There was no bingo-bang-bang in my heart, only the feeling of my brain attempting to jump ship through my nostrils. Screw this guy! I am leaving! I must have been an Egyptian Pharoah in a past life - Ronamin Ribatronius, the King of Insomnia and Mountain Goat Menopause.

“If I get negative on the hike, don´t get mad, but remind me to stay positive,” Boxie-boo said as our bus climbed a hill so steep, the driver could not leave first gear or remove his socks. “Just say, ´stay positive,´” she added, her voice high-pitched with her arms swaying like Popeye post-spinach. We were on route to Kilometre 82 - the starting point for our four-day, three-night hike along the Inca Trail to Machu Picchu.

The drive went up and down a swervy mountain highway, then down through valley towns. Some streets were lined with cactus, others with homes built within a few feet of train tracks. The area had vast, snow-peaked mountain ranges and low valley farms. Our driver dodged whipped cow crossings, boulders of fallen rocks, edging us passed other buses so tight along cliff edges his mirror had to be turned inwards. We passed through the villages of Chinchero, Urubamba and then stopped at Ollantaytambo, creating a break through our three-and-a-half hour drive.
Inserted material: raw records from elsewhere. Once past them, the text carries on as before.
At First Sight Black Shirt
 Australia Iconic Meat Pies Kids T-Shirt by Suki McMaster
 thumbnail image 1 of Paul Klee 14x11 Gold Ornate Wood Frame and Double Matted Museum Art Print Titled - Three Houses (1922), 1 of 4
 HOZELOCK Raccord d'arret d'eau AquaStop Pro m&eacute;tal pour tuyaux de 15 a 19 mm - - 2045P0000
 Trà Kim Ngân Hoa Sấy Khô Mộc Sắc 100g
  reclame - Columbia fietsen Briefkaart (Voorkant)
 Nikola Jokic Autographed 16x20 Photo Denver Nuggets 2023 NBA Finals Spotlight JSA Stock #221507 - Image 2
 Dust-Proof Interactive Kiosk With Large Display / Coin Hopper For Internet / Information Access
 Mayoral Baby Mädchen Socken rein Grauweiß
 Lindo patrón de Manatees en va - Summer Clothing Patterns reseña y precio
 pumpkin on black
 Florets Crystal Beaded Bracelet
Inside Ollantaytambo, ancient viaducts ran through the town in small streams a foot wide. Locals surrounded passerbyers, offering everything from hiking poles, toques to coca leafs that our guide said aid in the battle with altitude. We reached the Terraces of Pumatallis (above), an ancient Inca site that had cut the mountain in latches. These terraces, a common architectual practice of the Incas, allowed them to farm on otherwise unusable terrain at various altitudes. At Ollantaytambo, the walls of cut stones were higher, which archaelogists have also found at other Inca sites like Chinchero, Pisaq and Yucay. It was so beautiful, I decided to find a bush to pee in.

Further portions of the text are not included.